WHAT IS BEING ASKED – Your answer should be every line from the records that contains "Image".

==== LISTED ENTRIES ====

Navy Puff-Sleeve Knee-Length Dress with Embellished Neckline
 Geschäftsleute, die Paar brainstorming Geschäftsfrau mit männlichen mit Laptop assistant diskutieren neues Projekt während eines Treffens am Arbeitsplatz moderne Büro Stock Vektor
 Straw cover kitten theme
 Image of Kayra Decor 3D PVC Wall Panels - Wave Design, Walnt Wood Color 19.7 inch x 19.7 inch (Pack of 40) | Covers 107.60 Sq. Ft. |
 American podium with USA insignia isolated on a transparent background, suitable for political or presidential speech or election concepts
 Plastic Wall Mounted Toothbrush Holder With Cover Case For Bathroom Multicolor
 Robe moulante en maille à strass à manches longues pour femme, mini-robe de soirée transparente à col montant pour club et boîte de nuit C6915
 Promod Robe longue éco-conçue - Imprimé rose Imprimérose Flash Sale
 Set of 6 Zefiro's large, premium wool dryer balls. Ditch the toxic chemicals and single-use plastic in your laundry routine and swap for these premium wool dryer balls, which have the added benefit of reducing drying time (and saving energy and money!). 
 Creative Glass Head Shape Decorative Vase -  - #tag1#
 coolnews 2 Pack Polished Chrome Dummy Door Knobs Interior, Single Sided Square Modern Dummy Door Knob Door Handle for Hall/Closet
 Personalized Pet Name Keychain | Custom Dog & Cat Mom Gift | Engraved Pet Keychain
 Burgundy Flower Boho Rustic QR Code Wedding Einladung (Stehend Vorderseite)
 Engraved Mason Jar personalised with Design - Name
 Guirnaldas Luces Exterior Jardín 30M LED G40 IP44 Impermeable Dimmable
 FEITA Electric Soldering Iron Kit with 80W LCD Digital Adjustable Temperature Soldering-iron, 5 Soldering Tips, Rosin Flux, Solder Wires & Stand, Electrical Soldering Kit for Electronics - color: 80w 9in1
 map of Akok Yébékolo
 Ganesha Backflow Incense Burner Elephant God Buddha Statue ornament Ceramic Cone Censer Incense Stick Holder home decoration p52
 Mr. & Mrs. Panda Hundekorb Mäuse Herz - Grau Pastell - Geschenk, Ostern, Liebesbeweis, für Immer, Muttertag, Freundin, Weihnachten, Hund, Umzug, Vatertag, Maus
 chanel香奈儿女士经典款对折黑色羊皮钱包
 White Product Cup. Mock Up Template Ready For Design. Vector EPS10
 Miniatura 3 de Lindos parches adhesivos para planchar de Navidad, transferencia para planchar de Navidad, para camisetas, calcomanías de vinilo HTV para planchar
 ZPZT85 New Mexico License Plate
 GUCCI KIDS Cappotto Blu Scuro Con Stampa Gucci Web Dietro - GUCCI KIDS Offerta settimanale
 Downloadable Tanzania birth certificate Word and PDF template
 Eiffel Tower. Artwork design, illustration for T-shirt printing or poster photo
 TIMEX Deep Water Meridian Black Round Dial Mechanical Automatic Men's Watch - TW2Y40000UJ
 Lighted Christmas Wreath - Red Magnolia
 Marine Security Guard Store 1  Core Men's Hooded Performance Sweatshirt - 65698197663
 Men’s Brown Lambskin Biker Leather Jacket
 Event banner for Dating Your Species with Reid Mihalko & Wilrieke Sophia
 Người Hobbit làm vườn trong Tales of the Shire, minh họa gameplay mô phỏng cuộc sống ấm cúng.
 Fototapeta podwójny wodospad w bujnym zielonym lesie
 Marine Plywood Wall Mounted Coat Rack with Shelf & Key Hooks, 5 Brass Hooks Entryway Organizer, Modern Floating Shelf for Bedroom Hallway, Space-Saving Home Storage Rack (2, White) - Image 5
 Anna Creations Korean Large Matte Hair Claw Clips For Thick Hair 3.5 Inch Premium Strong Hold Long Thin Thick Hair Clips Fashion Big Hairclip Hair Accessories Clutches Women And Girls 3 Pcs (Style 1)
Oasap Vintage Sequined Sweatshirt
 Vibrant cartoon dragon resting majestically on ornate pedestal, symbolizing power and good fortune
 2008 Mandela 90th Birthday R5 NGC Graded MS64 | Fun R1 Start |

====

EXERCISE ANSWER –
 Image of Kayra Decor 3D PVC Wall Panels - Wave Design, Walnt Wood Color 19.7 inch x 19.7 inch (Pack of 40) | Covers 107.60 Sq. Ft. |
 Marine Plywood Wall Mounted Coat Rack with Shelf & Key Hooks, 5 Brass Hooks Entryway Organizer, Modern Floating Shelf for Bedroom Hallway, Space-Saving Home Storage Rack (2, White) - Image 5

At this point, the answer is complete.